▶ _THE RECORDS_:
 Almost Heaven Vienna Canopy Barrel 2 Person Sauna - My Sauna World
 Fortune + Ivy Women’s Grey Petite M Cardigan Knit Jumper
--
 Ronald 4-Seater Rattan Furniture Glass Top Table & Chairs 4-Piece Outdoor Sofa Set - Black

▶ _INSTRUCTIONS TO FOLLOW_:
Extract exactly and only the lines above from the line containing "Almost Heaven Vienna" through the line containing "Fortune + Ivy", both end lines included.

▶ _SOLVED EXERCISE_:
 Almost Heaven Vienna Canopy Barrel 2 Person Sauna - My Sauna World
 Fortune + Ivy Women’s Grey Petite M Cardigan Knit Jumper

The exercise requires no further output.